The Gestapo asked the nurses at the hospital to accompany their patients as caretakers, and promised that if they volunteered to go they would be given the chance to return or to be reassigned to a new hospital. The nurses, almost all Jewish, readily came to their patients’ aid, trying to comfort the frightened, alleviate pain, reassure. After the volunteer nurses were loaded onto the transport the Gestapo picked out most of the rest of the staff and made them get on the trucks too.
Rudolf Vrba recalls:
amidst all this bedlam, there was one spark of splendid, unselfish sanity … nurses, young girls, their uniforms torn and grimy, but their faces calm and their hands never idle. Their medicine bags were still over their shoulders and they had to fight to keep their feet, but all the time they were working, soothing, bandaging, giving an injection here, an aspirin there.
Of course, the fifty nurses that accompanied their charges from Apeldoornse Bos did not return. They shared the fate of their patients.
The transport reached the Auschwitz-Birkenau camp on January 24, 1943, with 921 Jewish patients and medical staff, some of whom were children. Upon arrival, sixteen men and thirty-six women were selected to be admitted into the camp. The remaining 869 people were murdered in the gas chambers. Leopold Offner was one of those gassed upon arrival. He had been born in Auschwitz and he died in Auschwitz.
But the family in Brussels knew nothing about what had occurred at Apeldoornse Bos or of Leopold’s fate until much, much later.
After spending about six months on the farm, Nathan fled and returned to Brussels in February of 1943. He had run away from the hiding place the Resistance had found for him. The farmers had treated him like a slave, forcing him to spend long back-breaking days in the fields searching for rodents and to spend his nights in the barn with the animals. They had not even allowed him to sleep inside the house as the cold of winter mounted. He had had enough. He made his way back to the city and found his sister Inge. Despite her own precarious situation she took him in.
Nathan was always close to Inge, and she doted on him. Melly was more aloof, more self-involved. Nathan did not feel as close to her. Nor did he feel much affinity for his brother-in-law Genek; the man was so much older than him, and they had very little in common
. With his mother away, Nathan was happy enough to move in with Inge.
Inge was of course delighted to see him, but very worried about his return. She and Melly had promised their mother that they would keep Nathan safe. Nathan argued that he was as competent to take care of himself as his sisters were, more so probably, and he wanted to stay in Brussels. But so many people were disappearing by now that staying was out of the question. Inge contacted the Resistance about finding a new hiding place for Nathan.
Melly was preoccupied with her own problems. She was determined that this pregnancy would be her last. Despite the risk, she decided that she would have the baby in the hospital so she could make sure the doctors put an end to her fertility once and for all. On March 1, 1943, she went into labor. Genek could not accompany her to the hospital. He was so clearly a foreigner and a Jew – it would be madness for him to come. Likely Melly told the hospital staff that her husband was off fighting, that was why she was alone. It was a plausible excuse; most men were off fighting at the front.

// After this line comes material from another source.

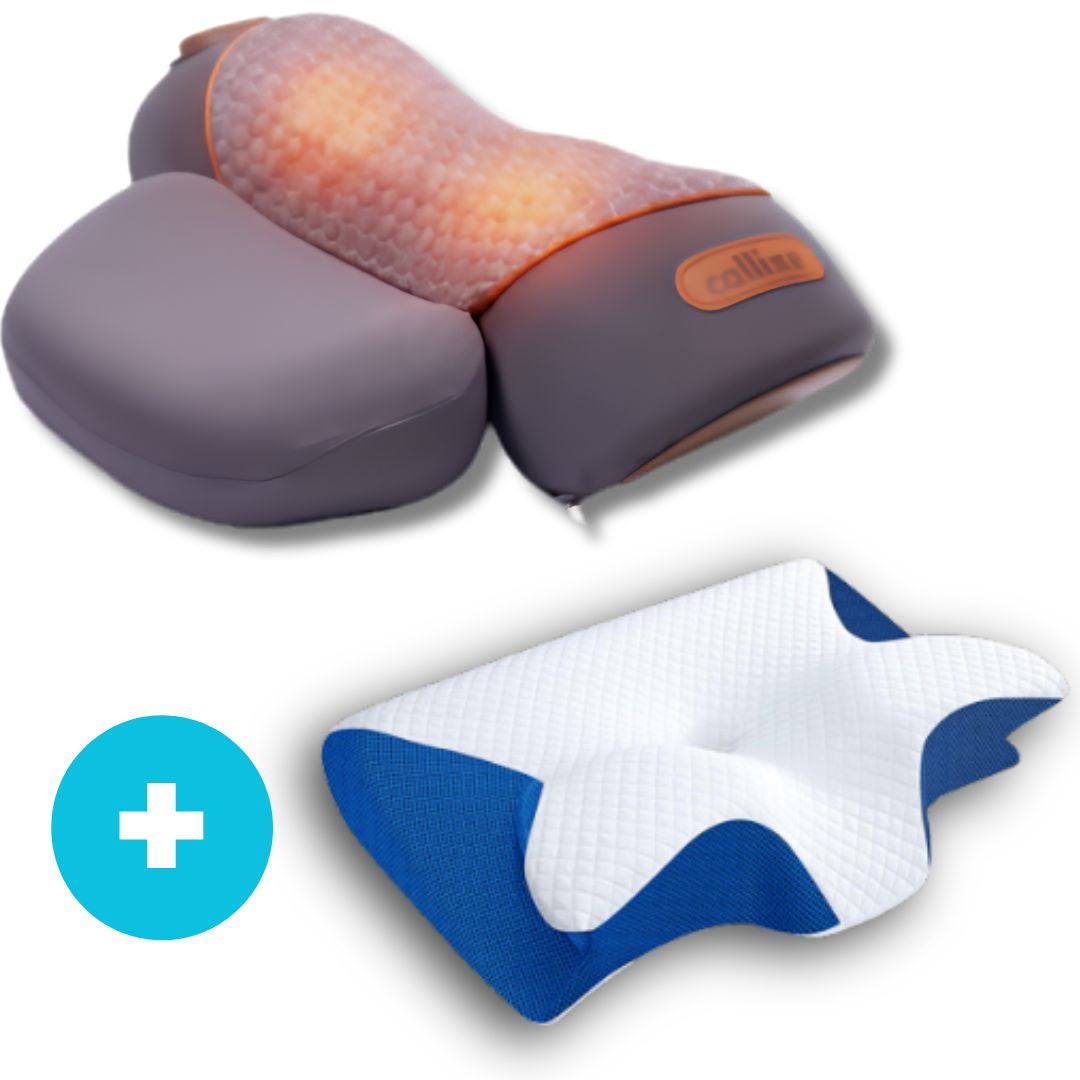 Aavalai-Pro™ Terapiatyyny +Ergotyyny™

She used false papers to register at the hospital as a German woman, an Aryan. And although she screamed her head off during the delivery it was lucky that she swore in German. Nobody realized she was a Jew. Later that day Melly was delivered of a healthy baby girl. She begged her doctor to perform a hysterectomy. But maybe he did not feel comfortable doing so. She was only twenty-one years old. She pleaded with him to do something; she told him she couldn’t feed another child, she needed contraception. The doctor may have eventually agreed to perform a tubal ligation, to tie her tubes, a relatively new procedure. Or perhaps he found another way to end Melly's fertility. Whatever the procedure, it seems that Melly did manage to convince the doctor to help her.